Le livre de Jacques du dimanche 29 septembre
Jc 5.1-6 – Contre les riches injustes
Le contexte – L’épître de Jacques
Depuis plusieurs semaines nous suivons l’épître de Jacques qui donne des commandements pratiques sur la vie en Église. Parmi ces commandements, il revient à trois reprises sur la relation entre les riches et les pauvres (Jc 1.9-11, 2.1-13, 5.1-6).
La première raison est une question de justice sociale, mais le passage de cette semaine apporte un second argument, c’est que la richesse peut être injuste, et notamment nous fermer à la grâce. Ce passage est un commentaire du verset de l’Évangile qui dit qu’il est difficile à un riche d’entrer dans le Royaume de Dieu, la raison en est que ses richesses hurlent aux oreilles du riche : « Confie-toi à nous ! »
Que dit le texte ? – Les richesses injustes
Notre texte concerne particulièrement le riche qui est enfermé dans ses richesses et le riche dont les richesses sont injustes, car elles se sont constituées sur le dos des travailleurs.
Le passage se termine par une accusation forte : Vous avez assassiné le juste.

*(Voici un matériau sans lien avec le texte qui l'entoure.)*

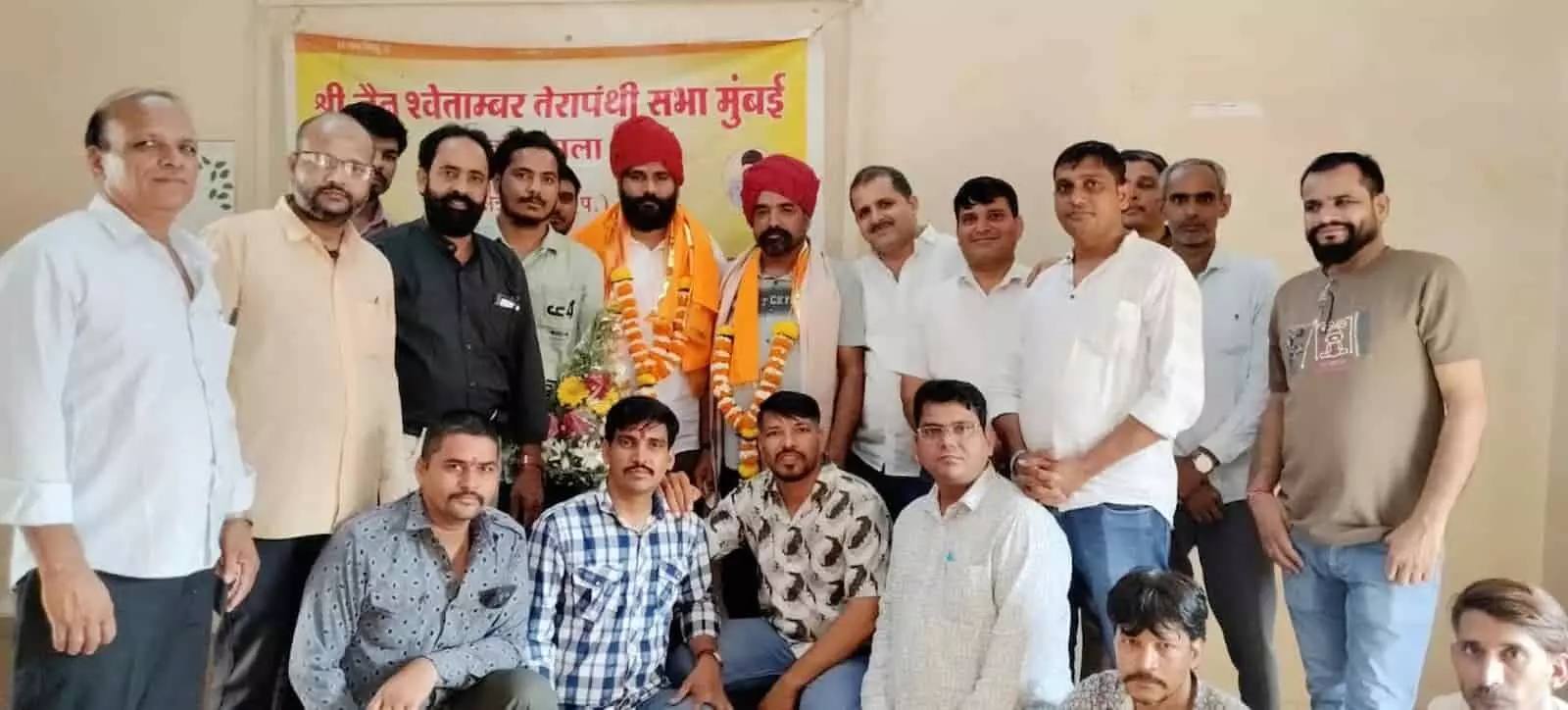तस्वीर में साफा और माला पहने खड़े लोगों के साथ अन्य लोग समूह में दिखाई दे रहे हैं। तस्वीर में साफा और माला पहने खड़े लोगों के साथ अन्य लोग समूह में दिखाई दे रहे हैं।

En illustration de cette parole, le Père grec Basile le Grand appelait ses contemporains à la responsabilité pendant la famine qui ravageait la Cappadoce : « Il appartient à celui qui a faim, le pain que tu gardes ; à celui qui est nu, le manteau que tu conserves dans tes coffres ; à celui qui est sans chaussure, la chaussure qui pourrit chez toi ; au pauvre, l’argent que tu tiens enfoui. »
Dans l’évangile, Jésus a appelé l’argent Mamon pour souligner son caractère diabolique. L’argent est utile car il permet la division du travail et le développement des nations, mais il a tendance à prendre possession du cœur de celui qui le possède. Comme le dit un proverbe oriental : « Entre la soif d’eau et la soif d’argent il y a une grande différence : quand on a bu de l’eau on est désaltéré. » Il suffit de regarder autour de nous pour observer des hommes qui ont tout sacrifié – leurs principes et leur éthique, leur honneur et leur bonheur – pour augmenter leurs richesses.

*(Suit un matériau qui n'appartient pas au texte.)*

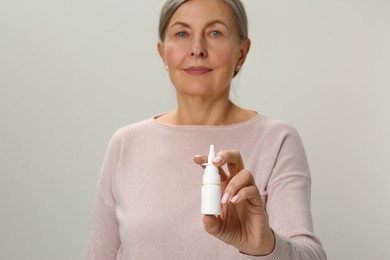 Photo of Woman holding nasal spray on light grey background, focus on bottle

On dit que l’argent est un bon serviteur et un mauvais maître, le problème est que lorsqu’on veut en faire son serviteur il a tendance à devenir son maître.

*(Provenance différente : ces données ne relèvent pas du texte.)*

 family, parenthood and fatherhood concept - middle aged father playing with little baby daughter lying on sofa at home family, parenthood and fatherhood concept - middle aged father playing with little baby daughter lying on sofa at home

Quel est le lien avec le passage de l’Évangile ? – Les causes de chutes
Dans l’évangile, Jésus appelle à couper sa main si elle est une occasion de chute. Comment ce principe peut-il s’appliquer à notre relation à l’argent ? Un principe veut que pour combattre un effet négatif, il faut cultiver l’effet inverse.
Une bonne façon de casser le pouvoir que l’argent a tendance à exercer sur nous est de le partager, le donner. Jacques Ellul faisait remarquer que la logique de l’argent était celle de l’accumulation et du commerce, ce qui le positionne à l’opposé du registre de la grâce qui induit le don et la gratuité. Donner une partie de son argent revient à l’utiliser comme un signe de grâce, soit à pervertir sa logique et casser la fascination qu’il exerce sur nous.
Il ne faut pas mépriser l’argent, car il est précieux, mais il faut le partager pour éviter qu’il ne nous domine.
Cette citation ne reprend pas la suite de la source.